CAPITAL: Dhaka
MONETARY UNIT: Taka
REFINING CAPACITY: 31,200 b/cd
OIL PRODUCTION: 1,600 b/d
OIL RESERVES: 5.4 million bbl
GAS RESERVES: 10.9 tcf
Bangladesh in mid-1997 accepted bids in the second exploration round organized by the government and state-owned oil company Petrobangla.
Industry interest was reported to be high as the country headed into what was expected to be a period of relative political stability. The government of Prime Minister Sheikh Hasina Wajed, formed after parliamentary elections in 1996, was considered moderate and focused on economic expansion.
A series of mostly gas discoveries in the 1990s had raised Bangladesh`s geologic allure.
Cairn Energy plc, for example, was appraising its 1996 Sangu discovery offshore and held rights to develop the Kutubdia discovery in the same permit area.
Cairn farmed out 50% of its Bangladesh interests to Royal Dutch/Shell, a long-time operator in the country. Shell considered the country a possible site for use of its proprietary gas-to-liquids processing technology.
It was reported to have proposed investment of as much as $2.5 billion in a plant to produce up to 50,000 b/d of middle distillate from about 400 MMcfd of natural gas.
In other action, the government started first-phase work for the Lakatura natural gas processing complex at Sylhet in the northeast. The complex was to dehydrate and extract liquids from gas produced from Jalalabad field.

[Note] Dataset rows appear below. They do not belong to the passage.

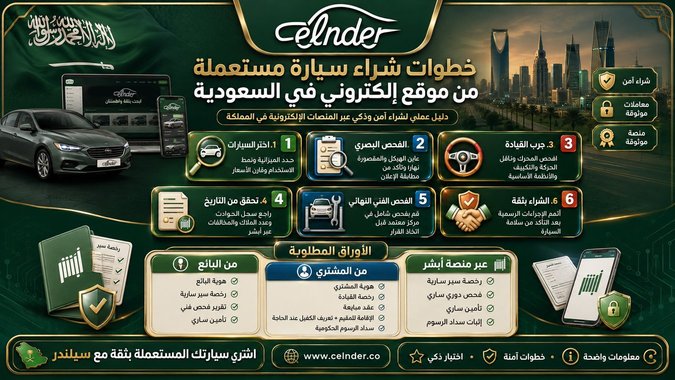 خطوات شراء سيارة مستعملة من موقع إلكتروني في السعودية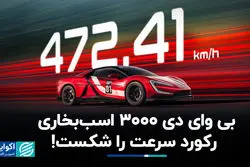 بی وای دی ۳۰۰۰ اسب‌بخاری رکورد سرعت را شکست!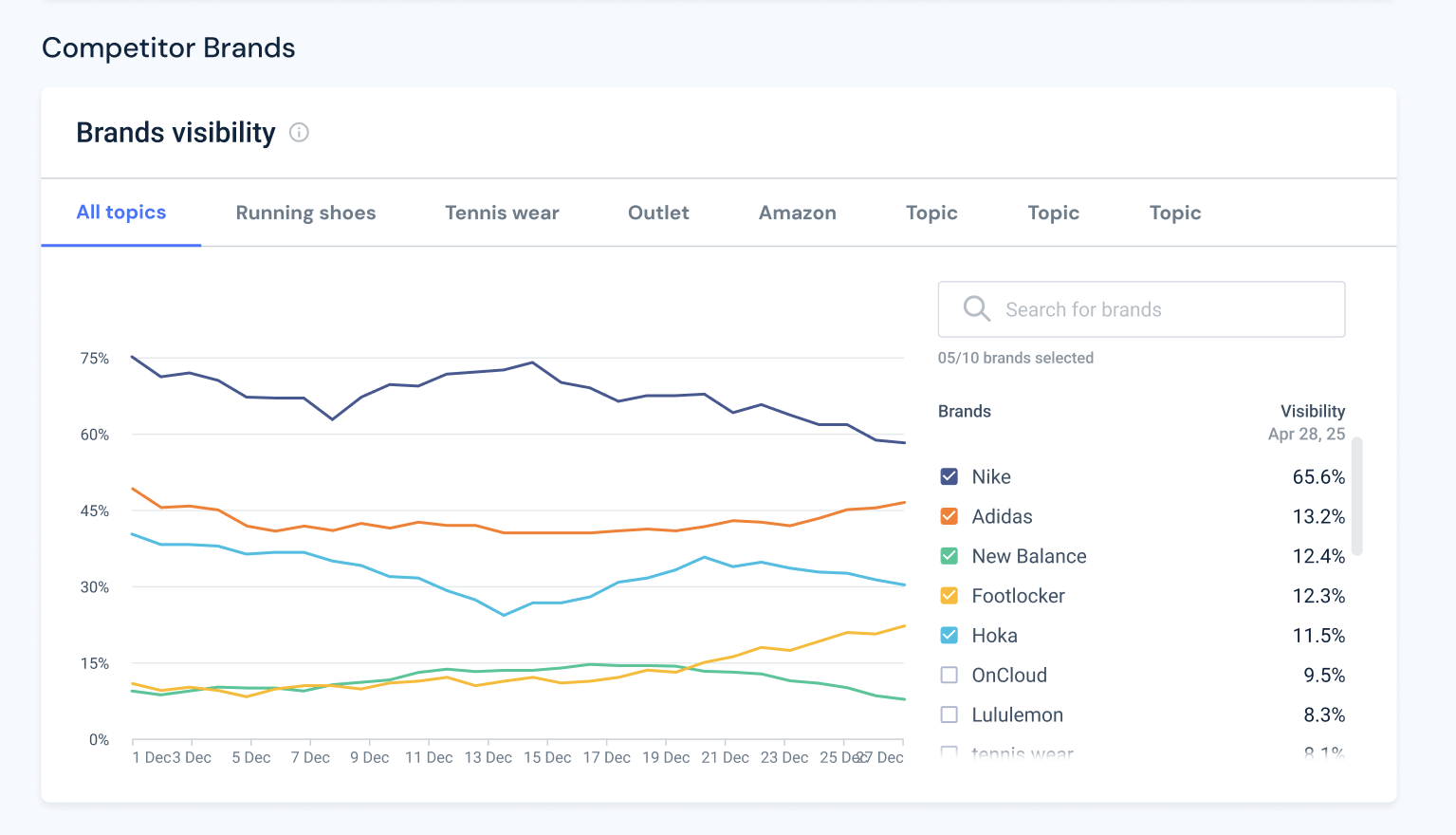 Benchmark your visibility against top performing competitors and monitor trends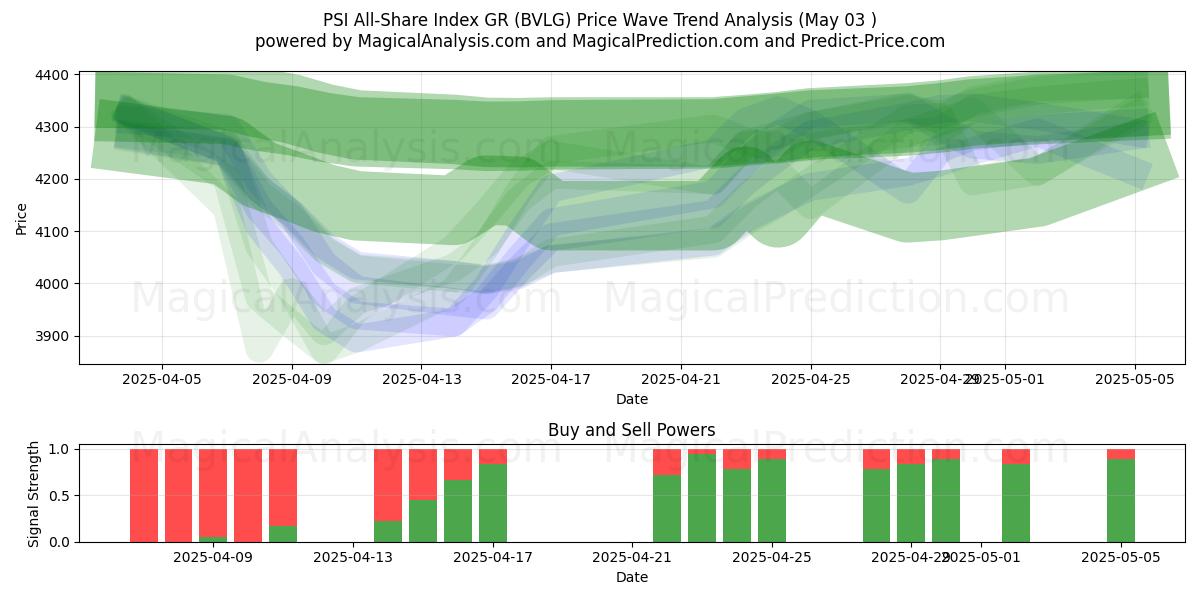  PSI All-Share Index GR (BVLG) Support and Resistance area (03 May) 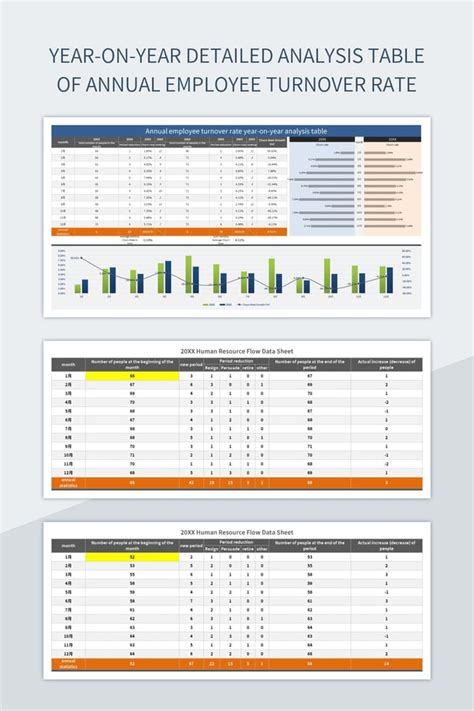 Image result for Excel Rate Chart Template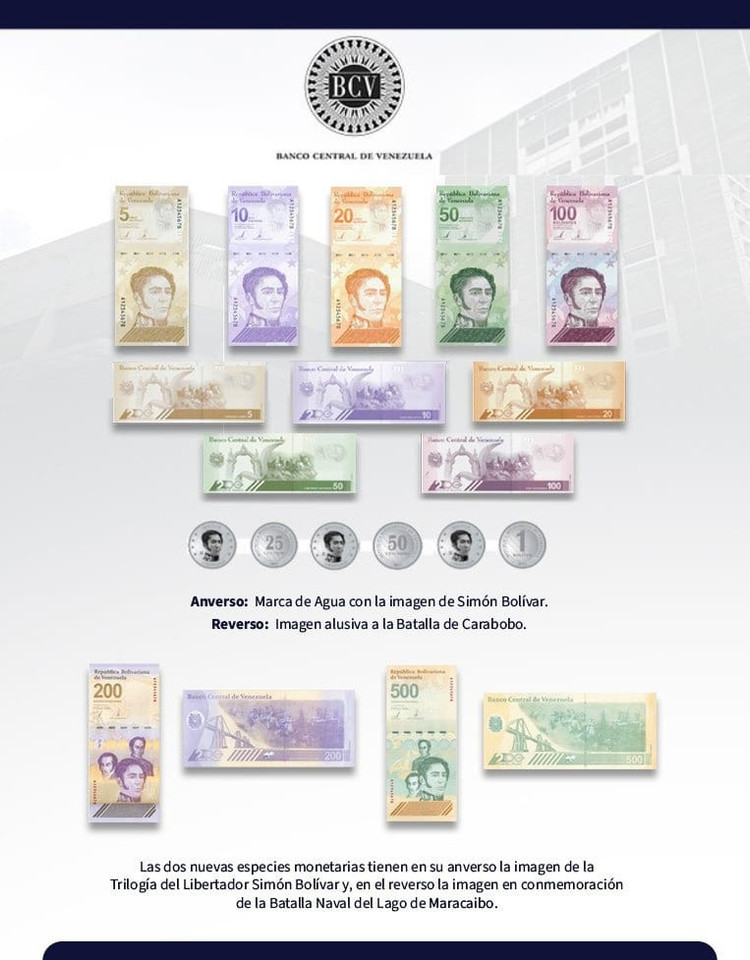 50-Note Lot – Venezuela 200 Bolívares Digitales 2023 – 200 Million BsS Equivalent – UNC Crisp Consecutive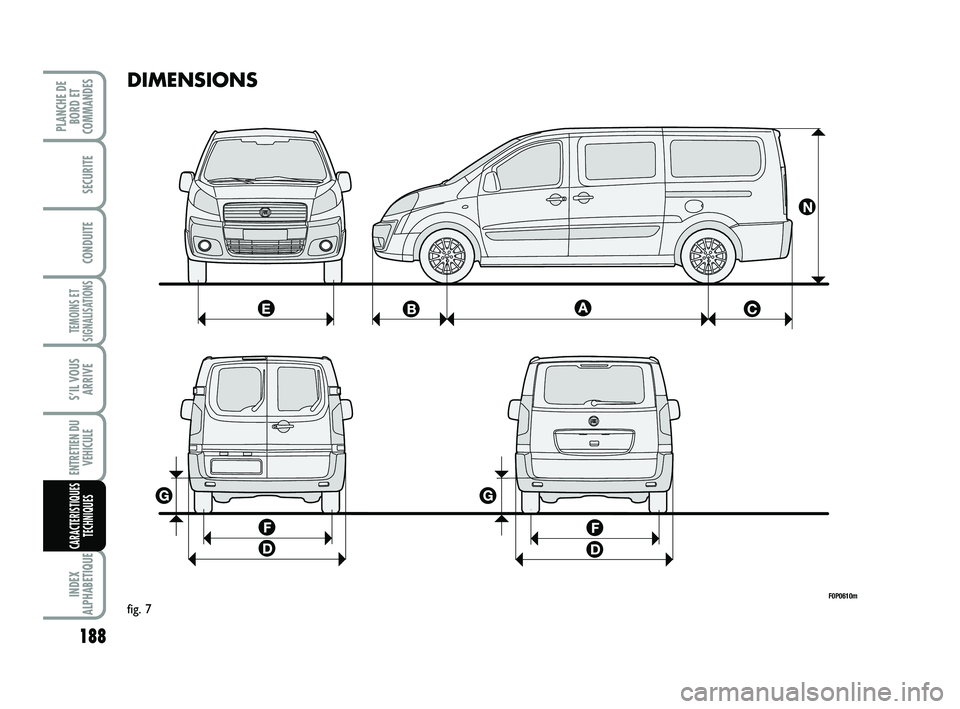 FIAT SCUDO 2013  Notice dentretien (in French) 188
TEMOINS ET
SIGNALISATIONS
INDEX
ALPHABETIQUE
PLANCHE DE
BORD ET
COMMANDES
SECURITE
CONDUITE
S’IL VOUS
ARRIVE
ENTRETIEN DU
VEHICULE
CARACTERISTIQUES
TECHNIQUES
DIMENSIONS
F0P0610m
fig. 7
175-210 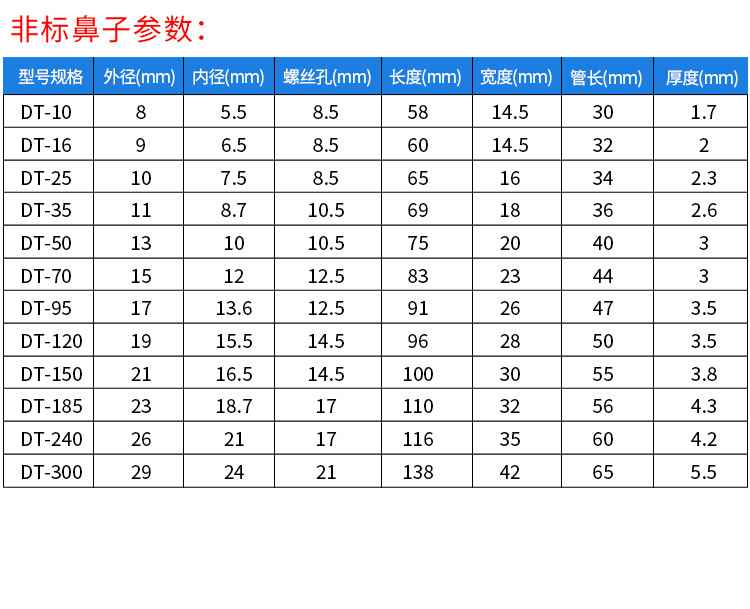 DT铜鼻子电线铜线鼻子镀锡堵油铜接头35/50平方铜线冷压接线端子详情3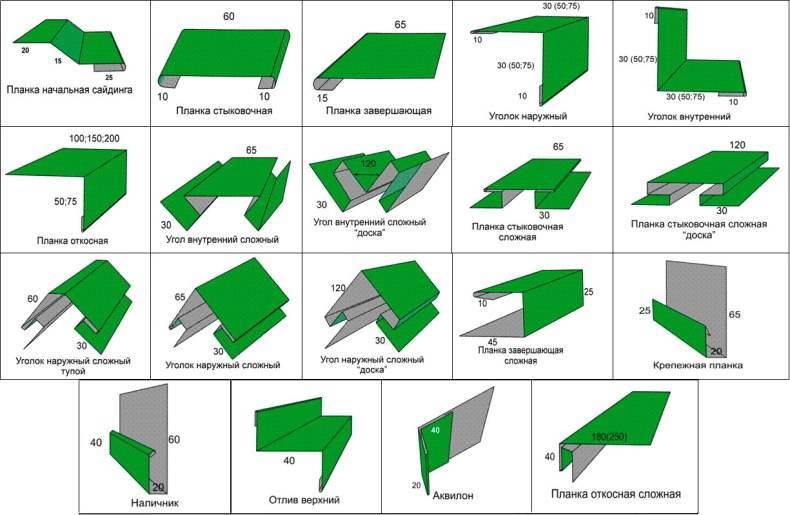 Особенности выбора ветровой планки для крыши + инструкция по монтажу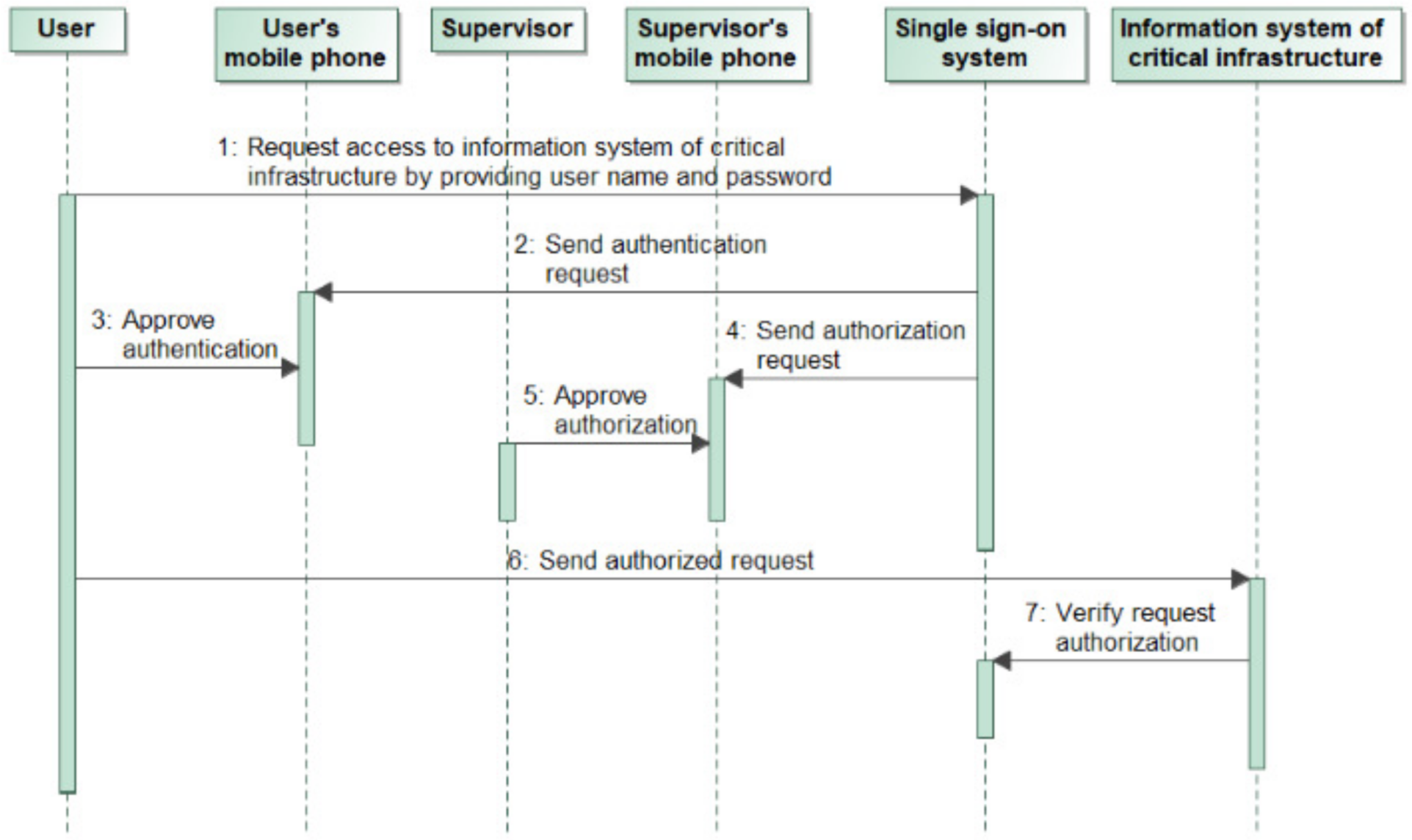 Electronics 10 01819 g001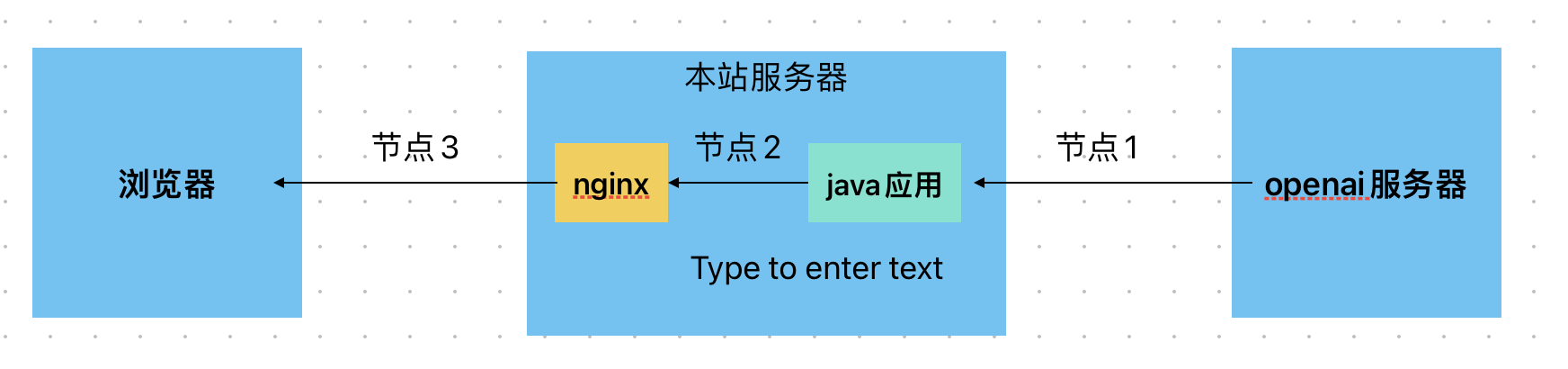 AI返回消息流程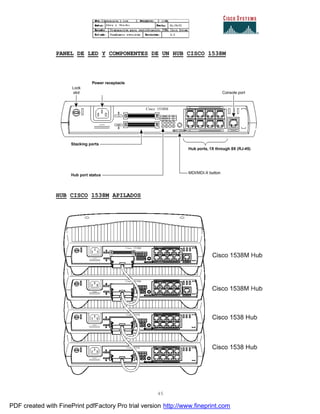 45
PANEL DE LED Y COMPONENTES DE UN HUB CISCO 1538M
HUB CISCO 1538M APILADOS
PDF created with FinePrint pdfFactory Pro trial version http://www.fineprint.com
 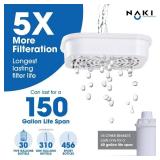 APPEARS NEW - Water Filter Pitcher - Long Lasting 150 Gallons, Supreme Fast Filtration and Purification Technology, Removes Chlorine, Metals for Clean Tasting Drinking Water, WQA Certified,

Occidental Petroleum Corp. transferred a 50% interest in blocks containing the field to Unocal Corp. in 1997. The companies planned to start production in mid-1998 and conduct further exploration.
New model contract
In its exploration licensing round, Bangladesh offered three offshore and 12 onshore blocks to companies permitted to bid alone or with others for one or more blocks.
A new model production sharing contract provided for repatriation of profits, required no signature bonus, and imposed neither a duty on exploration and production equipment and machinery nor corporation tax or administration fee. Companies could export gas as LNG subject to a Petrobangla right of first refusal.